I’m a genius, so obviously I know how this all works. That’s why I’m writing this blog. Right?

Right. Good. So Samuel comes to me, and he hits me with this absolute brainbuster of an issue. An issue so tough that I have to perform an internet search to find a credible authority on the topic. I found this amazing and informative site that exactly described the issue Samuel had posted. I followed the staggering intellect of the formidable author and blah blah blah yeah obviously the only person I’d find writing about an issue I have to solve is past-me who was too fucking lazy to actually solve it.

I started looking into this more deeply after taking a moment to fix a different issue related to location assignment that Samuel was too lazy to file a ticket for and thus has deprived the blog of potential tests that readers could run to examine and debug the issue for themselves. But the real work was happening elsewhere.

Deeper

Now we’re getting to the good stuff. I hope everyone has their regulation-thickness safety helmet strapped on and splatter guards raised to full height because you’ll need them both.

As I said in Adventures In Linking, nir_assign_io_var_locations is the root of all evil. In the case where shaders have mismatched builtins, the assigned locations are broken. I decided to take the hammer to this. I mean I took the forbidden action, did the very thing that I railed about live at XDC.

Sidebar: at this exact moment, Samuel told me his issue was already fixed.

I added a new pipe cap.

I know. It was a last resort, but I wanted the issue fixed. The result was this MR, which gave nir_assign_io_var_locations the ability to ignore builtins with regard to assigning locations. This would resolve the issue once and for all, as drivers which treat builtins differently could pass the appropriate param to the NIR pass and then get good results.

Problem ~~solved~~.

Deeper.

I got some review comments which were interesting, but ultimately the problem remained: lavapipe (and maybe some other vulkan drivers) use this pass to assign locations, and no amount of pipe caps will change that.

It was a tough problem to solve, but someone had to do it. That’s why I dug in and began examining this MR from the only man who is both a Mesa expert and a Speed Force user, Marek Olšák, to enable his new NIR optimized linker for RadeonSI. This was a big, meaty triangles-go-brrr thing to sink my teeth into. I had to get into a different headspace to figure out what I was even doing anymore.

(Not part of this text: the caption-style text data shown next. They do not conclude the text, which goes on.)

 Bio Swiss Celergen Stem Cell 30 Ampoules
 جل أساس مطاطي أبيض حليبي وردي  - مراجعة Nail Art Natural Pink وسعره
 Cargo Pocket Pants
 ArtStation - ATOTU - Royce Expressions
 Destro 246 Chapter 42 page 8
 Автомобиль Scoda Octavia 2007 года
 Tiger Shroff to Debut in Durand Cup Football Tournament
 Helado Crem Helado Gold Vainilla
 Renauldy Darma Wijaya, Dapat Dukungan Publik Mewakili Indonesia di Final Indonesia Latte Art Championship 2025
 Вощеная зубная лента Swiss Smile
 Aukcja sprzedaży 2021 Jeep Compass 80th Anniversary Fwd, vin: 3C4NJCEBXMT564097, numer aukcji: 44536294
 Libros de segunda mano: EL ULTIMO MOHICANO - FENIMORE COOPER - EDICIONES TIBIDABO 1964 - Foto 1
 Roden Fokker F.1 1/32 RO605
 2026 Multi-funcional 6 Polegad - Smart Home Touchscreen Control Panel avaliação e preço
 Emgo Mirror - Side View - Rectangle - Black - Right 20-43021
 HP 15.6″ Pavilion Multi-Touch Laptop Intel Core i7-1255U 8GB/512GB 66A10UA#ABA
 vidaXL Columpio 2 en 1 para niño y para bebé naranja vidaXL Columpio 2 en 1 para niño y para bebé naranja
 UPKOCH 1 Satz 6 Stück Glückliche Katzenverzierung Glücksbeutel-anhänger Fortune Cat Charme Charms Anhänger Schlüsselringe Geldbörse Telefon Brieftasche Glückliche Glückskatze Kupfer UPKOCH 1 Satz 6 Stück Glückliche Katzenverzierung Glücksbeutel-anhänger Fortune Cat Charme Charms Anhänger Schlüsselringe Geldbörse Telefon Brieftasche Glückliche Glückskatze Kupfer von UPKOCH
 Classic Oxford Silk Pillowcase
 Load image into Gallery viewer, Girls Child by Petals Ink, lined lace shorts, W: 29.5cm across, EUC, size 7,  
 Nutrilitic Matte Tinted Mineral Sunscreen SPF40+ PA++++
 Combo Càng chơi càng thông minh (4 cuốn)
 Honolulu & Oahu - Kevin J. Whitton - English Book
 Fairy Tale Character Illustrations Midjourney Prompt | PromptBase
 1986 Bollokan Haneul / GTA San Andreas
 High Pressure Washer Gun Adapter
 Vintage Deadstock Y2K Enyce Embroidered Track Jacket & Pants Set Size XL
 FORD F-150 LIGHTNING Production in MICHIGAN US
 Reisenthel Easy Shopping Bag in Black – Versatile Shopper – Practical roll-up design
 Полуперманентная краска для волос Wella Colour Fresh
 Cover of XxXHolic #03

The gist of opt_varyings is that you give all the shaders in a pipeline to Marek, and Marek says “trust me, buddy, this is gonna be way faster” and gives you back new shaders that do the same thing except only the vertex shader actually has any code. Read the design document if you want more info.

Now I’m deep into it though, and I’m reading the commits, and I see there’s this new lower_mediump_io callback which lowers mediump I/O to 16bit. Which is allowed by GLSL. And I use GLSL, so naturally I could do this too. And I did, and I ran it in zink, and I put it through CTS and OH FUCK OH SHIT OH FUCK WHAT THE FUCK EVEN–

mediump? More Like… Like… Medium… Stupid.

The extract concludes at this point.